- Supplied information
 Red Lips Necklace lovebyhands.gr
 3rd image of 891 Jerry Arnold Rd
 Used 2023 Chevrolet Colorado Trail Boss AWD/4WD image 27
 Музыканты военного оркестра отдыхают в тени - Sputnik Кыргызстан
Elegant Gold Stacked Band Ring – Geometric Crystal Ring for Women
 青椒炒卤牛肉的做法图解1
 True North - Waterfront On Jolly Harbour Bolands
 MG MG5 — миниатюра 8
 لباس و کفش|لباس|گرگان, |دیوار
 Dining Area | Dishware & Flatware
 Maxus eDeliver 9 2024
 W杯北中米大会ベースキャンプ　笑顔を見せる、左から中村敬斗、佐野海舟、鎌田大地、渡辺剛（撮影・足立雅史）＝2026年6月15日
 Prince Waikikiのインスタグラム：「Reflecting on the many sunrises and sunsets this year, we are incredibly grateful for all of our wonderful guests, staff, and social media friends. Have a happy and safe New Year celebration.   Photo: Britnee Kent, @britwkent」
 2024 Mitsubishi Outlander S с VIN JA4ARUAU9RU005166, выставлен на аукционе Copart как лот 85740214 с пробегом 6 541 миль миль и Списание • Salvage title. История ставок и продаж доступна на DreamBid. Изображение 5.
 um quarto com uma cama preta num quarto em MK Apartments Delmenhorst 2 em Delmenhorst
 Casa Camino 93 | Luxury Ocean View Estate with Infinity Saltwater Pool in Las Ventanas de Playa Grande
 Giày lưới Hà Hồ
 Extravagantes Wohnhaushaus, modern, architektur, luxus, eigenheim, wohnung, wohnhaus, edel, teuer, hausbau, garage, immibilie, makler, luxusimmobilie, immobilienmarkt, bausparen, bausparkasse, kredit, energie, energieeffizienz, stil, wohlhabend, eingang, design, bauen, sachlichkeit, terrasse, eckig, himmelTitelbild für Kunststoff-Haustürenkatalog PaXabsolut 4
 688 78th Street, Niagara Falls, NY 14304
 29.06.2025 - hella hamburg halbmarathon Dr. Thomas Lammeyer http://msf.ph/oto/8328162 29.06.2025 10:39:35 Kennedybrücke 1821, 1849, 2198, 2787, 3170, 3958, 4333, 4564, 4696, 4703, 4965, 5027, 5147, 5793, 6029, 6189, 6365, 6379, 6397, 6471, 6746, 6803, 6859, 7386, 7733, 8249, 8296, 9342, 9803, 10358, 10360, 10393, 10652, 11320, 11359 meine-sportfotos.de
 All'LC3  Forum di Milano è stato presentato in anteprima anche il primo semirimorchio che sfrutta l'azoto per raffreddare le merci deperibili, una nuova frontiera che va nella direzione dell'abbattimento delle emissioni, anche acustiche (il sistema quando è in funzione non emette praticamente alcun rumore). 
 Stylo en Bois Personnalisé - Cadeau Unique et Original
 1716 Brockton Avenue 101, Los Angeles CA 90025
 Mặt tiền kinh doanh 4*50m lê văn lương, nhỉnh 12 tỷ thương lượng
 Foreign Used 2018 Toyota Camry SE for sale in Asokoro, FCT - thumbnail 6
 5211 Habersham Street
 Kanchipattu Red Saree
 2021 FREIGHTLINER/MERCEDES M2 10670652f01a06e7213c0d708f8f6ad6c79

- Task directions
Please go through the entries and show every line with the word "image".

- Task answer
 3rd image of 891 Jerry Arnold Rd
 Used 2023 Chevrolet Colorado Trail Boss AWD/4WD image 27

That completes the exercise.